Turbulence in the Wave Boundary Layer

General context of the study : 

Ocean waves directly impact the turbulence in the lower part of the atmosphere. This region impacted is

called the wave boundary layer (WBL). The international height for wind and turbulence measurements is 10

meters. The WBL often reaches over 100 meters in height, therefore these measurements are often within the

WBL itself and therefore strongly influenced by the ocean’s waves [Chalikov and Belevich, 1993]. If the impact

of the ocean waves is not considered when handling analysis of captured wind data, the results can be skewed to

misrepresent the true behavior of the atmosphere in applications such as weather forecasting and site assessment

for offshore wind energy. The latter aspect can be visualized by recognizing that offshore wind turbines typically

have a hub height around 150 meters, causing their blades to sweep in and out of the WBL.

The goal of this project is to work synergistically with France Energies Marines and install additional

instruments on their platform DRACCAR to capture fully the effect of the ocean surface waves on the turbulence

in the wave boundary layer.
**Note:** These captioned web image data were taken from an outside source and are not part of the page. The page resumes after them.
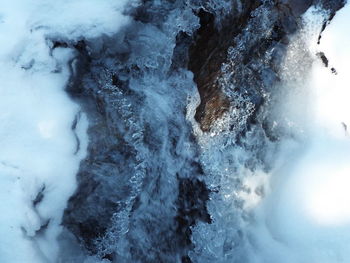 Close up of frozen water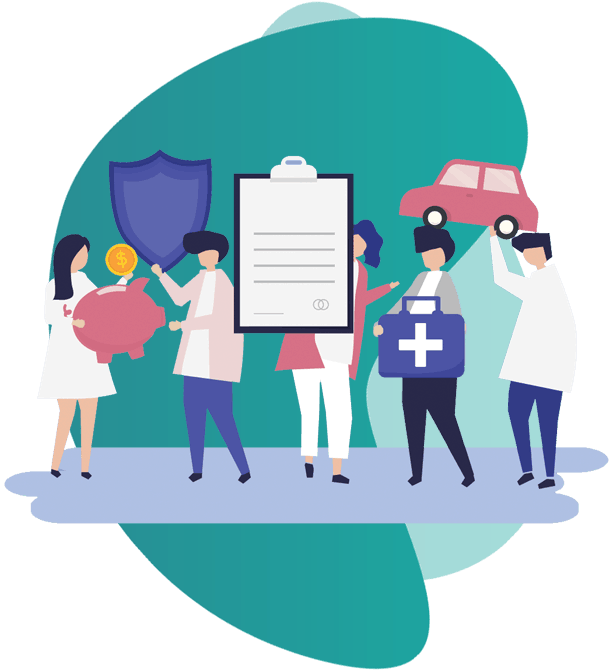 OFFICE PACKAGE INSURANCE - vector image of group of people holding medical icons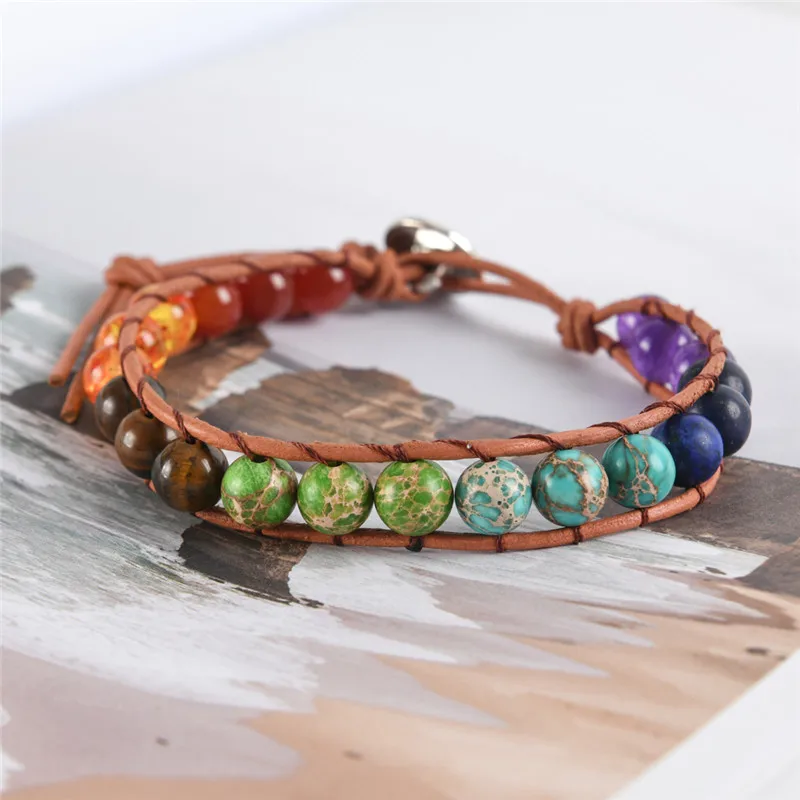 2PCS Chakra Bracelet Multicolor Bracelet Boho Natural Stone Wrap Bracelet Single Leather Power Jewelry Dropshipping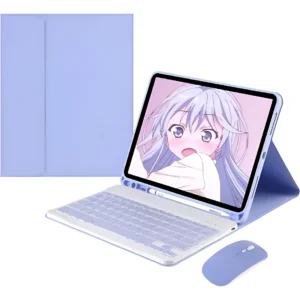 Capa + Teclado Bluetooth + Mouse Para iPad Pro 11 Polegadas Cor Roxo + Teclado Roxo + Mouse Bluetooth Branco
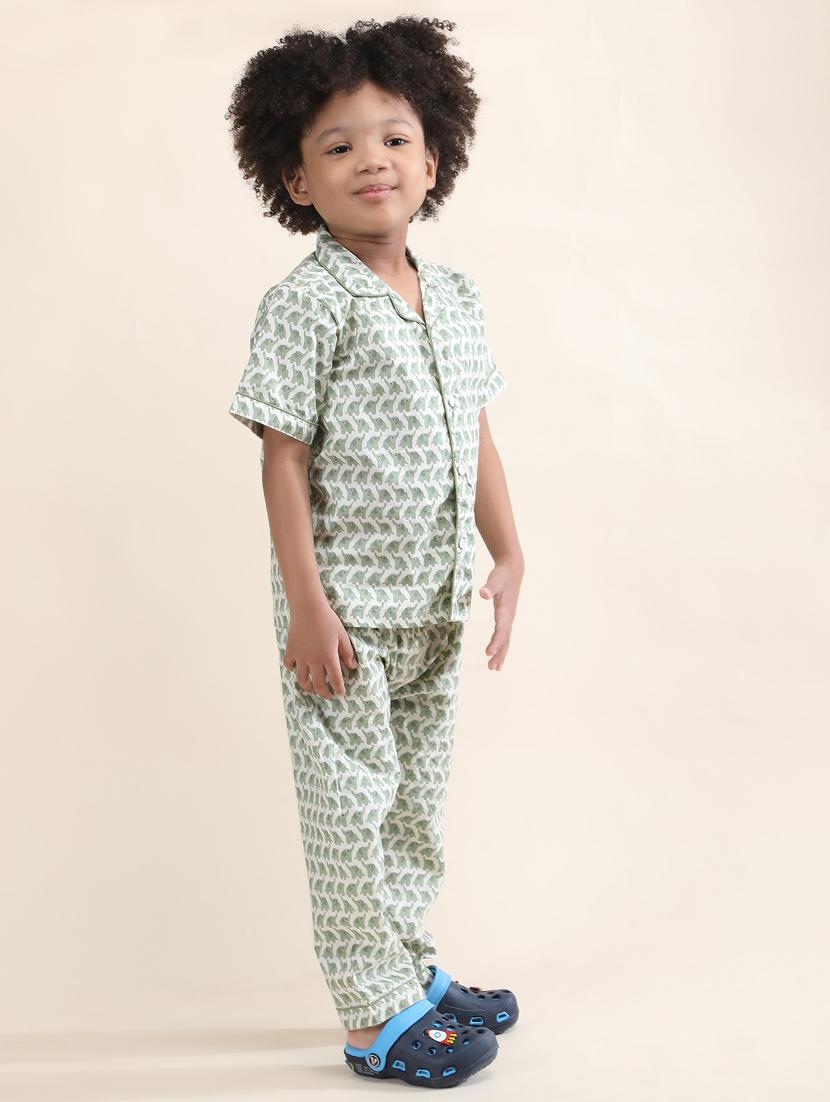 boys printed nightwear pyjama set - 21962411 - Standard Image - 1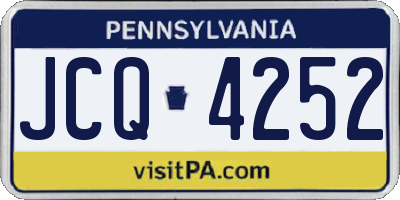 PA license plate JCQ4252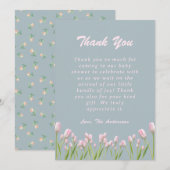 ピンクチューリップ赤ちゃんシャワーサンキューカード サンキューカード (正面/裏面)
Specifically, the spectrum of the ocean surface waves is imprinted on the WBL

turbulence spectrum, in both aspects of time and space. Simultaneously, regional simulations of the Fécamp

Wind Farm will be run that attempt to capture the WBL numerically. The experimental data will then be

compared to the modelling outputs and said comparison will be used to improve the current models of the

air-sea interface and the lower atmosphere.
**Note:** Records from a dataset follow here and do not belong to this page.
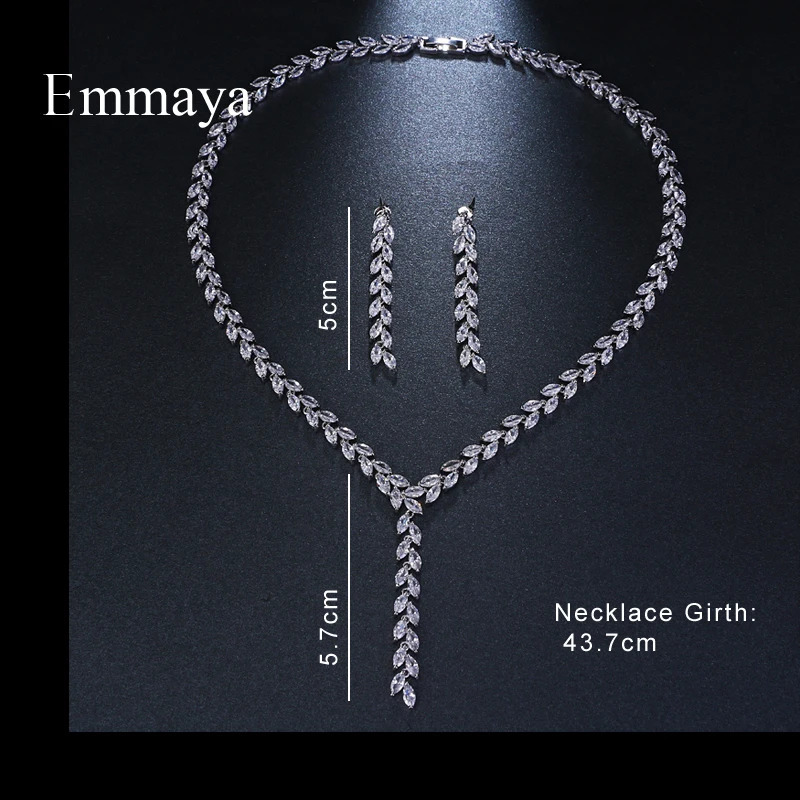 Emmaya Trendy Jewelry Romantic Salix leaf White Gold Color AAA Cubic Zircon Wedding Jewelry Sets For Brides Jewelry Gift 250530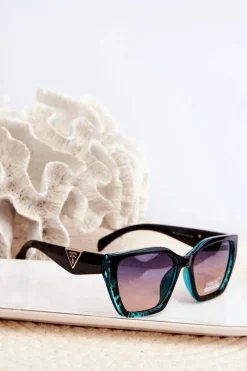 Sale Boto Damskie Klasyczne Okulary Przeciwsłoneczne Ze Złotymi Detalami UV400 Czarno-Niebieskie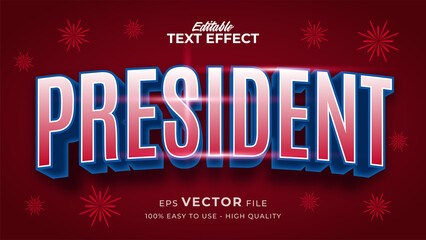 Editable text style effect - president day text in american style theme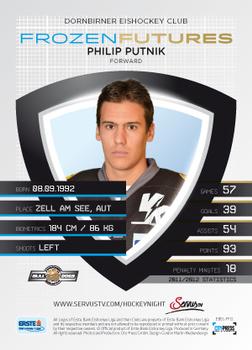 2012-13 Playercards EBEL - Frozen Futures #EBEL-FF12 Philip Putnik Back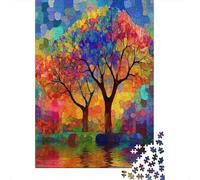 Paisaje de árbol Colorido 1000 Piezas Stock De Cartas Premium Rompecabezas De Bricolaje Niños Principiantes Desafío Juego Educativo Alivio del Estrés 38x26cm/1000pcs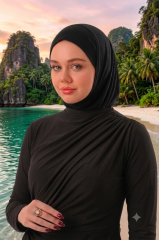 Kadın Tesettür Yüzücü Bone - Deniz Havuz Bonesi - Hijab Spor Bone - Boyunluklu Ninja Bone Siyah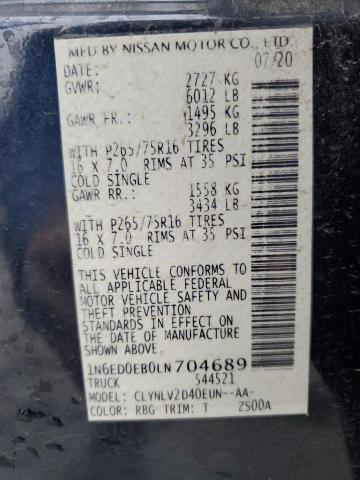 Photo 10 from auction – 2020 NISSAN FRONTIER S with VIN 1N6ED0EB0LN704689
Detailed research program : 

Motivated by the aforementioned current limitations of the understanding of the wave boundary layer, the

proposed thesis will effect the following studies, using the expected data to be collected and regional model

outputs :

— A study determining the applicability of Monin-Obukhov Similarity Theory at the Fécamp site (similar

to work of [Ortiz-Suslow et al., 2021]).

— A study that focuses on a case study around synoptic conditions, such as the during the passage of cyclones

and its effect on the WBL turbulence (similar to that of [Huang et al., 2021]).

— Take turbulence data from mast measurements to more accurately inject turbulence into the DOROTHY

model, for numerical experimentation.

— Investigate and develop more accurate local scale parameterisations (<1 km) from mast data and integrate

into WRF

— To compare and contrast with prior parameterisations and make connections between local and

regional scales

— Compare higher resolution WRF runs with new parameterisations to satellite datasets (to compare

spatial representation)

— Use integrated parameterizations in WRF to run local scale wind farm simulations

Different steps of the work :

1. Bibliography on wave boundary layer and air-sea coupling in regional models.

2. Assist in the experimental setup and maintenance of instruments (FEM/DRACCAR).

3. Compile and run regional atmospheric, oceanic, and wave models in an HPC environment (CRIANN).

4. Programmatic analysis of the observation and modelled data.

5. Writing scientific publications and participation to an international conference.

Références : 

[Chalikov and Belevich, 1993] Chalikov, D. V. and Belevich, M. Y. (1993). One-dimensional theory of the wave

boundary layer. Boundary-Layer Meteorology, 63(1–2) :65–96.

[Huang et al., 2021] Huang, J., Zou, Z., Zeng, Q., Li, P., Song, J., Wu, L., Zhang, J. A., Li, S., and Chan, P.-w.

(2021). The turbulent structure of the marine atmospheric boundary layer during and before a cold front.

Journal of the Atmospheric Sciences, 78(3) :863–875.

[Ortiz-Suslow et al., 2021] Ortiz-Suslow, D. G., Kalogiros, J., Yamaguchi, R., and Wang, Q. (2021). An evalua-

tion of the constant flux layer in the atmospheric flow above the wavy air-sea interface. Journal of Geophysical

Research : Atmospheres, 126(8).

Le Laboratoire Ondes et Milieux Complexes est une unité mixte de recherche CNRS (UMR 6294) de l’Université Le Havre Normandie. Le LOMC compte une quarantaine d’enseignants-chercheurs/chercheurs permanents travaillant dans de nombreux domaines liés à l’ingénierie des systèmes énergétiques en général et des énergies marines en particulier, la mécanique des fluides, l’acoustique sous-marine et environnementale, l’évaluation et le contrôle non destructif par ultrasons, les métamatériaux acoustiques, la mécanique des matériaux, les matériaux composites, le génie civil et côtier, l’imagerie et l’environnement.

The desired candidate has a strong understanding of the atmospheric surface layer, air-

sea interaction, and turbulent exchange. They will have both experimental and numerical

interests and feel comfortable using and compiling scientific code in an HPC environment.

Interest in renewable energy is a plus.